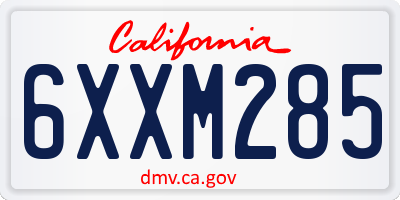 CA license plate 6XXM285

--

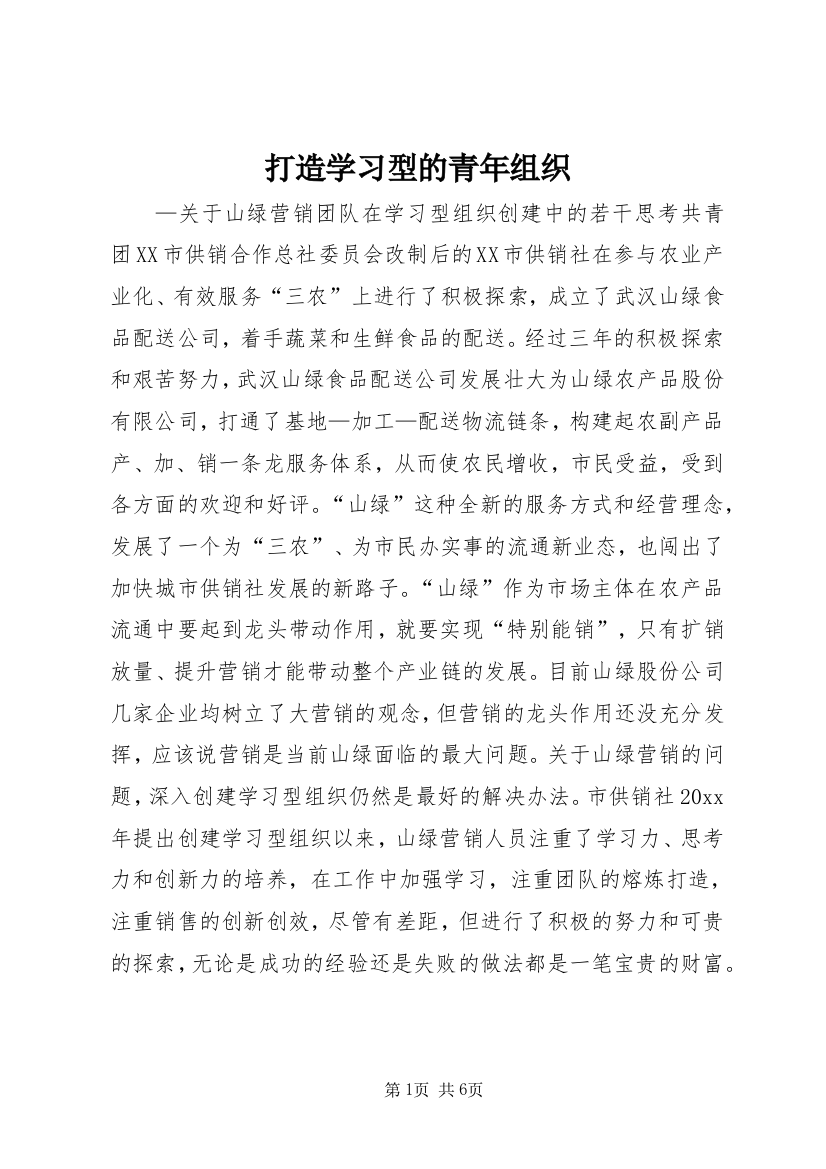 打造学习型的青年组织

...

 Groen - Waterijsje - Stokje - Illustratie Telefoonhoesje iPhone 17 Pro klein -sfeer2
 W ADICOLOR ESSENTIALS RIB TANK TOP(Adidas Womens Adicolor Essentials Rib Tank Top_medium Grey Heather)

▶ Exercise aim
Everything from the line with "Groen - Waterijsje" through the line with "W ADICOLOR ESSENTIALS" in the listing above must be retyped exactly, with nothing added.

▶ Answer box
 Groen - Waterijsje - Stokje - Illustratie Telefoonhoesje iPhone 17 Pro klein -sfeer2
 W ADICOLOR ESSENTIALS RIB TANK TOP(Adidas Womens Adicolor Essentials Rib Tank Top_medium Grey Heather)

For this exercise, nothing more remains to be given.